Originally Posted by michelangelo
how can i increase contiguous mem size? (if this is the problem...)
The issue is contiguous virtual address space within the process started by that java command.
Having less than 2GB contiguous at startup seems a little strange, but it isn't implausible.
When you start java successfully with java -Xmx1950m do you do something to make that process stay around (preferably waiting for input or other event)? If so, you can find out its pid and the look in /proc/
to see the detailed layout of virtual memory. After the big chunk allocated for the heap there must be some other mappings (probably .so files) that fragment the virtual address space preventing a larger contiguous mapping. There are methods (I don't recall them, but they exist) to control the load address of all the .so files and maybe whatever else gets in before that contiguous mapping is attempted. You should be able to get everything that now loads near the middle of the 3 or 3.6 GB virtual space to load near the beginning or near the end.

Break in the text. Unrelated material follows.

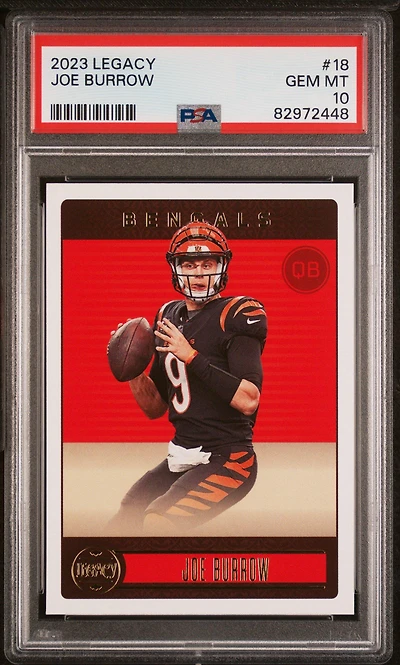 2023 Panini Legacy 18 Joe Burrow PSA 10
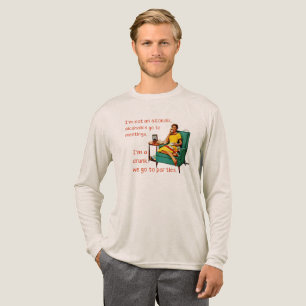SlipperyJoe beim geselligen Trinken Party Vintage Tri-Blend Shirt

Originally Posted by syg00
If all that is true, try doing the last command immediately after a re-boot to get an indication if it is a contiguous problem.
Since it is the virtual address space of a new process created by the java command, not anything that needs to be physically contiguous, trying it right after a reboot should make no difference.
I'm not 100% sure about the rules for virtual load address of .so files. If a .so file is already loaded by something at some address convenient to the first process that loaded it, there would be some performance advantage to loading it at the same virtual address in another process that subsequently needs it, assuming that virtual address is available. I don't know whether Linux does that kind of optimization. If it does then use of some .so before the java command might influence the virtual layout and maybe your reboot idea could have some useful effect. But I'm not sure that is possible and if it is possible it is still a difficult indirect blind approach to an issue that can be viewed directly by looking in the process maps and then attacked directly.